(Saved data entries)

§ §

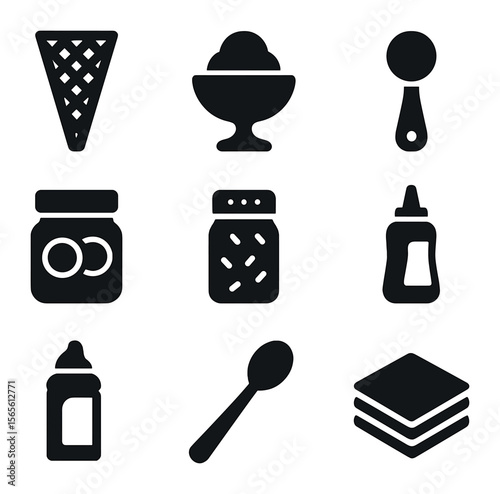 Ice Cream Essentials Icons. Solid, filled icons set of ice cream serving essentials: waffle cone, sundae bowl,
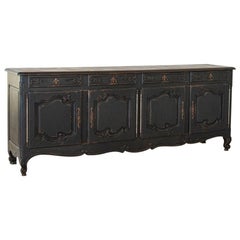 Antique Long French Sideboard Buffet with Black Painted Finish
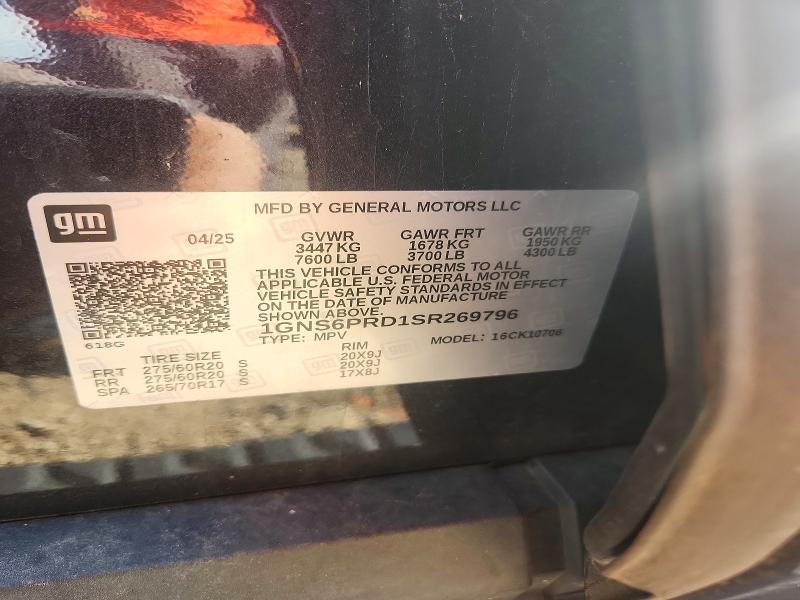 64192566 :رقم المزاد ، 1GNS6PRD1SR269796 vin ، 2025 Chevrolet Tahoe مزاد بيع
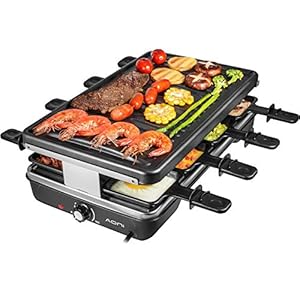 AONI Raclette grill Rauchfreier grill Elektrischer BBQ-Grill mit Antihaft-Grillfläche, 1200W Temperaturregelung…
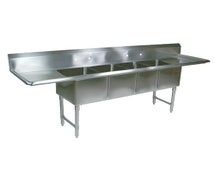 John Boos E4S8-1620 E-Series 4 Compartment Dish Sink w/18" Drainboards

§ §

# [Exercise requirements]
For your answer, write out the data exactly and drop every picture.

# [Result for this task]
 Ice Cream Essentials Icons. Solid, filled icons set of ice cream serving essentials: waffle cone, sundae bowl,
 Antique Long French Sideboard Buffet with Black Painted Finish
 64192566 :رقم المزاد ، 1GNS6PRD1SR269796 vin ، 2025 Chevrolet Tahoe مزاد بيع
 AONI Raclette grill Rauchfreier grill Elektrischer BBQ-Grill mit Antihaft-Grillfläche, 1200W Temperaturregelung…
 John Boos E4S8-1620 E-Series 4 Compartment Dish Sink w/18" Drainboards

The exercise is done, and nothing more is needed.